Judicial Reviews Involving HMRC Jump 36%

The number of judicial reviews faced by HMRC rose to 122 in 2017, an increase of more than 30% over the previous year, marking a significant increase in the last three years.

JUDICIAL REVIEWS HAVE increased significantly in recent years, since a low of 43 in 2014. In 2016, HMRC dealt with 90 cases, compared to 76 in 2015.

The RPC research into use of judicial reviews indicates a steady increase in the number of reviews of decisions made by HMRC, especially when it comes to the enforcement of outstanding tax or national insurance contributions (NICs), particularly the use of accelerated payment notices (APNs) to force taxpayers to pay disputed taxes upfront.

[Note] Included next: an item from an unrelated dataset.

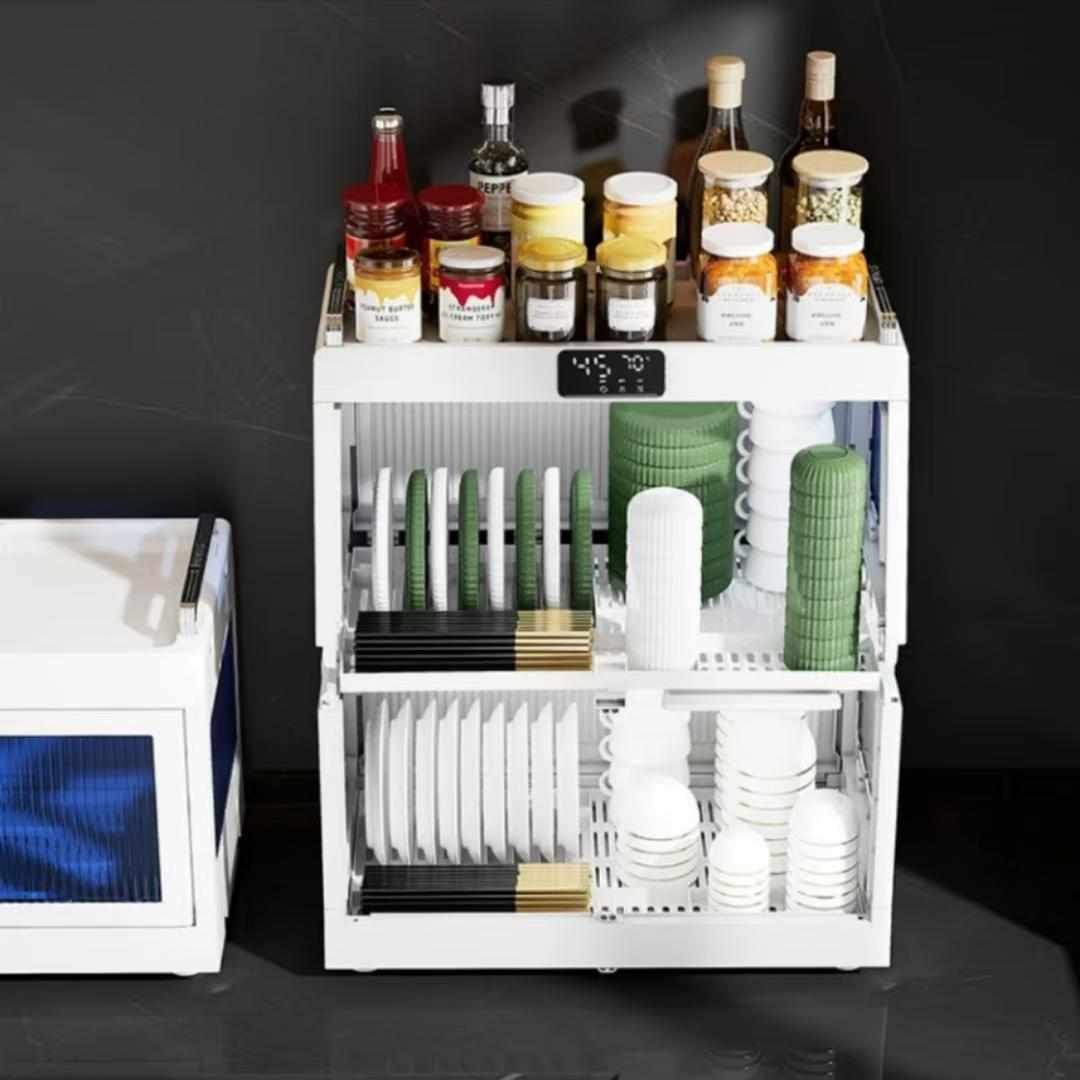 家用碗柜双层橱柜厨房收纳杯子奶瓶碗碟沥水磁吸收纳烘干置物碗架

The nature of APNs means that the taxpayers who feel unfairly penalised cannot argue their case with HMRC and are therefore forced to pursue legal action.

APNs are issued to taxpayers involved in tax avoidance schemes disclosed under the Disclosure of Tax Avoidance Schemes (DOTAS) rules. Failure to pay APNs can result in additional fines and enforcement action.

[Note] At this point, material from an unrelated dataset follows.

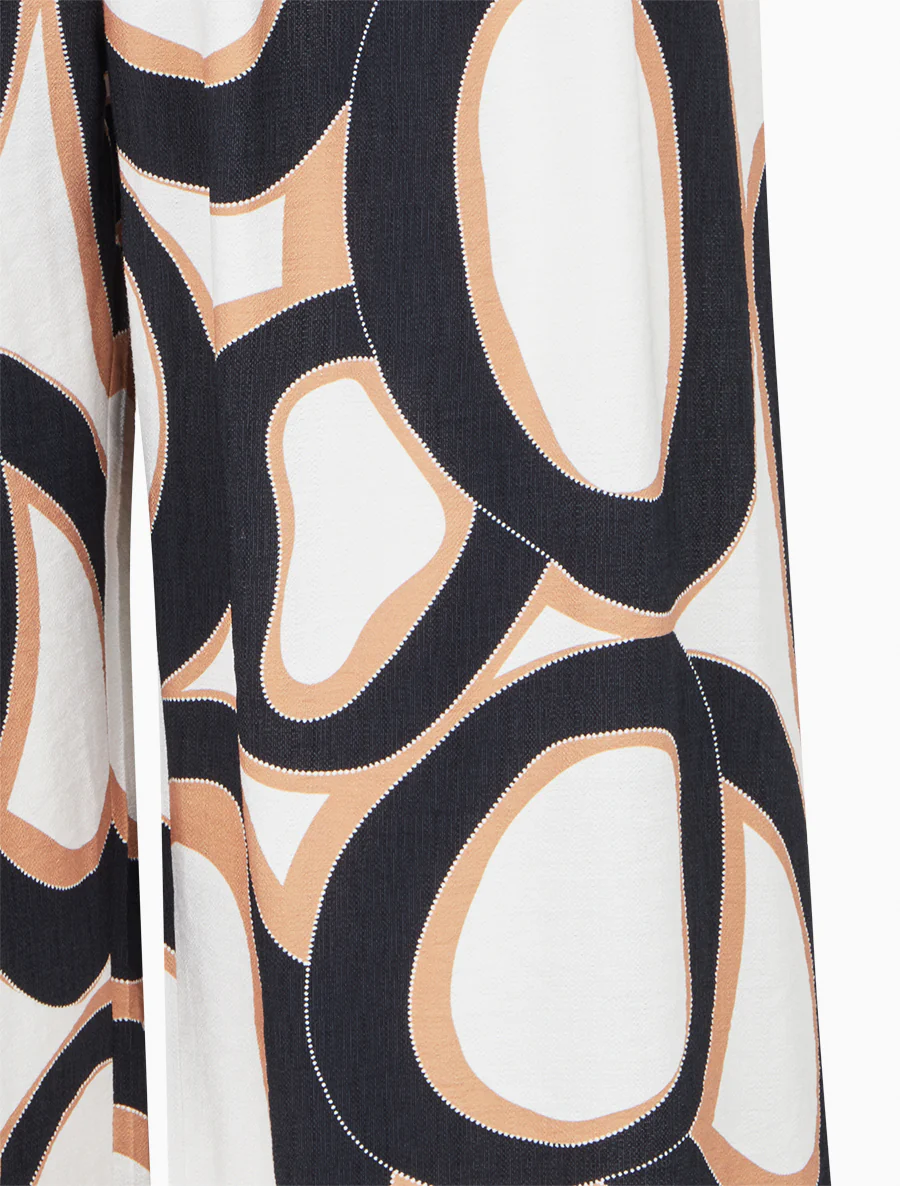 Rechte broek met hoge taille en grafische print - Zwart - Image 3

Several recent cases highlight the behaviour of HMRC, including instances of sending information request notices to taxpayers outside its jurisdiction, making retroactive changes to Customs Duty, and ignoring its own guidelines regarding residence and the National Minimum Wage.

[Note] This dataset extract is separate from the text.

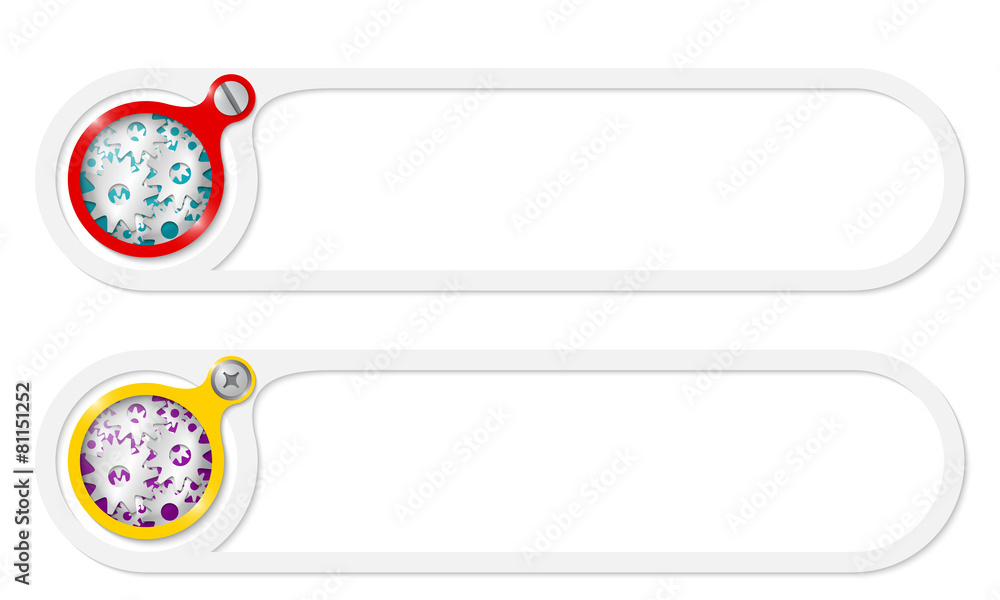 Poster vector buttons for your text and cogwheels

Previous significant judicial reviews involving HMRC include a challenge by RPC against hundreds of APNs issued in 2015 regarding Employee Benefit Trusts (EBTs) issued by Isle of Man-based Montpelier. RPC argued successfully that such arrangements were not ‘notifiable’ to HMRC under DOTAS rules.

Adam Craggs, partner and head of the tax disputes practice at RPC, believes that judicial reviews are becoming ‘far too common’ and result from a combination of ‘aggression and intransigence’ on the part of the tax authority.

“This substantial increase in judicial review challenges would suggest that taxpayers are not prepared to be treated unfairly by HMRC and are willing to challenge its decisions and seek redress from the High Court,” he said.

He also notes the large number of cases over the last year that resulted in HMRC withdrawing its decision once confronted with the possibility of a Judicial Review. He calls it ‘regrettable’ that taxpayers are forced to take action because HMRC refuses to acknowledge its mistakes.

HMRC has been under significant pressure since 2015 to take more proactive measures against tax avoidance and evasion. In that year the Public Accounts Committee criticised the department for failing to do enough to tackle tax evasion, pointing in particular to its failure to prosecute more from the so-called Falciani list of UK taxpayers using undeclared Swiss bank accounts to evade tax.

Concerns regarding HMRC’s operations were sufficient to lead to the creation, in May, of the Conduct of Tax Enquiries and the Resolution of Tax Disputes inquiry, led by a sub-committee of the Treasury select committee. The review seeks to investigate the way that tax compliance is enforced, including its approach to penalties and other sanctions.